Designer footpaths to be disabled-friendly

Chennai :

Every morning, state government employee Aruna Devi dreads changing buses at Adyar depot to get to Chepauk, where her office, Ezhilagam, is located. Being visually challenged, Aruna prefers putting her life on the line and waiting on the road rather than getting on to an uneven pavement and risking a fall.

Adyar depot on LB Road is the main transfer point for thousands of residents of East Coast Road and Thiruvanmiyur like Aruna, who have to reach various parts of the city. People, share autos, autos and buses share space in the congested depot.

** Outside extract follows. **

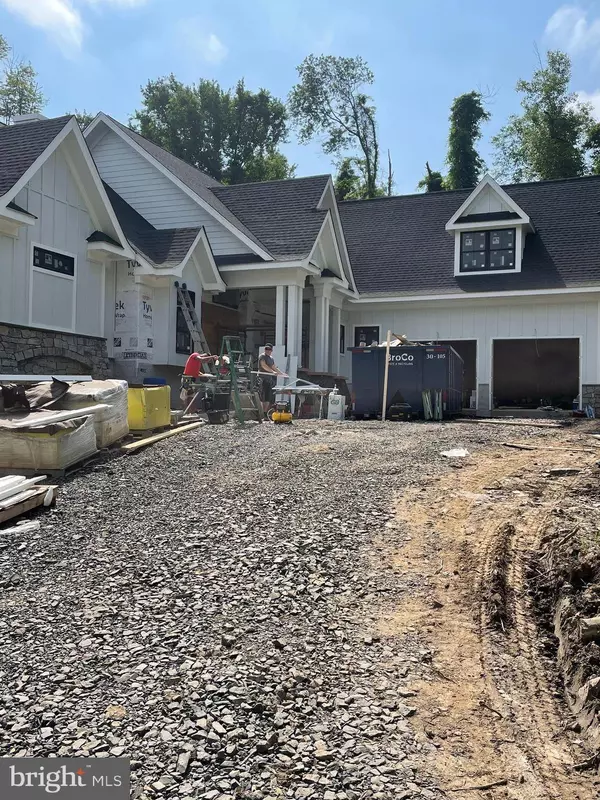 6 SOLEBURY MOUNTAIN RD, New Hope, PA 18938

The pavements are uneven, narrow and have a number of obstacles and breaks.

“When the bus does turn up, we have to rush to get in,” says Devi, treasurer of the State Forum for Rights of Women with Disability. “I can’t risk tripping on the broken pavement or bumping into an electricity box. I prefer waiting on the road,” she says.

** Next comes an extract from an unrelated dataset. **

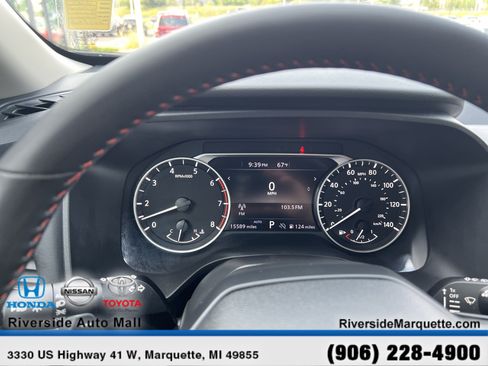 Used 2025 Nissan Rogue SV AWD/4WD image 16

Taking into account complaints from the disabled and other residents, the corporation has started laying disabled-friendly pavements. “The new pavements are designed by architects taking into account different needs of commuters and the road’s length and width,” said mayor Saidai Duraisamy . “Disabled people can get on and off the pavements using slopes. They will be 1.8m to 4m wide to allow a wheelchair,” he said.

The pavements, built of granite, will not have barriers. “I have asked them to move all barriers like streetlights, transformers and junction boxes to a lane parallel to the foot path,” said Duraisamy.

The pavements, which have been designed for 71 bus route roads, will be even and of uniform width. “They will extend evenly from the beginning to the end of the road,” said a corporation official. “They will not be more than six inches high, making it easy for old people to get on and off,” said the official.

For a city with 448 bus route roads, which run for 353km, and more than 8,000km of interior roads, pavement lengths are dismal. “A bus route road needs to have uninterrupted footpaths on both sides,” says Raj Cherubal of Chennai City Connect. Bus route roads such as Nungambakkam High Road have tea shops on pavements. MG Road in Besant Nagar does not have a pavement on one side.

In response to an Right to Information Act application filed by nonprofit organization Transparent Chennai last year, the corporation said only 829km of the 2,149km of roads in the city have pavements. This was based on the data collected from the erstwhile 10 zones.

The corporation laid new pavements with anti-skid tiles on Santhome High Road, Kamaraj Avenue, C P Ramaswamy Road, Wallajah Road and TTK Road. However, they are too narrow for two people to walk side by side and have been dug up often for civic work.

Experts say cities like Singapore and London have pavements on either side of interior roads. Every inch of road space however narrow needs to have space for people to walk.